In wireless communications of fourth generation the expectation to assimilate a hypothetically numerous heterogeneous wireless technologies are happened under consideration of a novel step toward worldwide smooth access. As the popularity of mobile wireless networks increases as well the challenges of merging a various number of wireless networks increases. Everyone around the world likes to have the best services through best network [11]. Therefore, the aim of NGWNs is to provide a good quality of services between various access networks [24]. To access different networks, there must be a decision algorithm to decide which is the best network for a user for a specific application. This paper presents an Overview of handoff types, handoff process, the criteria involved in VHD, parameters, Existing work on the vertical handoff with comparison tables, Analysis and Various research issues.

Received signal strength must be strong enough to maintain the on-going connection. A FIS (Fuzzy Inference System) is used to compute accurately the handoff factor to determine whether a handoff initiation is necessary. When a mobile roams in a heterogeneous networks, two vertical handoff scenes are taken into consideration i.e. handoff from UMTS to WLAN and from WLAN to UMTS. The system proposed is a fuzzy rule based handoff decision system which considers Mobile-Controlled Handoff and some assistance from the network. The mobile node continuously monitors the Received Signal Strength (RSS) of the current network and the condition of the handoff.

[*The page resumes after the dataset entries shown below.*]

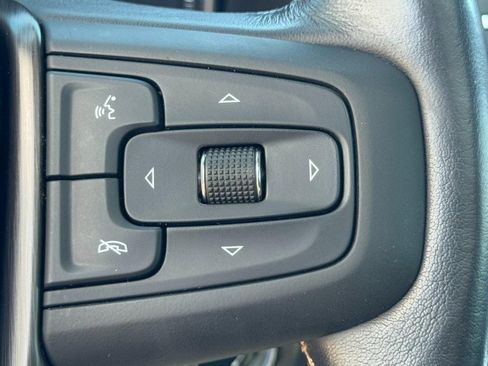 Used 2021 GMC Yukon AT4 w/ AT4 Premium Plus Package image 21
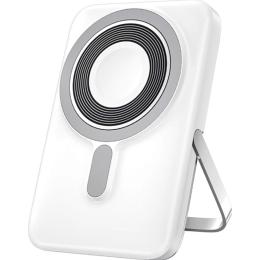 Внешний аккумулятор WiWU Elite Wi-P018 10000mAh White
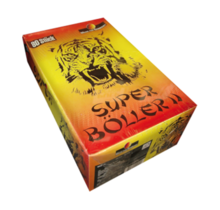Super Böller II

A number of algorithms have been designed for vertical handoff decision making. Few of them have been explained with their significance in this literature. Jyothi madaan et al.[3] have proposed a vertical handoff decision algorithm using Predicted Received signal strength and Dwell time. Battery power, network performance, and cost of service are the Parameters considered. Unnecessary handoffs are reduced by using this method, User preferences are not considered. Ms.Ashima et al. [4] have proposed an algorithm based on fuzzy logic quantitative decision algorithm with QoS fuzzy rule. Bandwidth, End-to-End Delay, Jitter, and Bit Error Rate (BER) are the parameters considered. Handoffs are reduced by using this method User preferences are not considered.

A Fuzzy MADM based numerical solution for vertical handoff decisions was first introduced by Zhang [6] (2004), where imprecise, or fuzzy data in terms of Linguistic Variables is used to specify network parameters and user preferences in the form of weights. These Linguistic Variables are first converted into crisp numbers using a fuzzy number conversion scale and then classical MADM methods like SAW and TOPSIS are applied to voice and Background traffic. The results indicate that TOPSIS is more sensitive to user-preferences and network-parameter values, and that SAW gives relative conservative ranking results.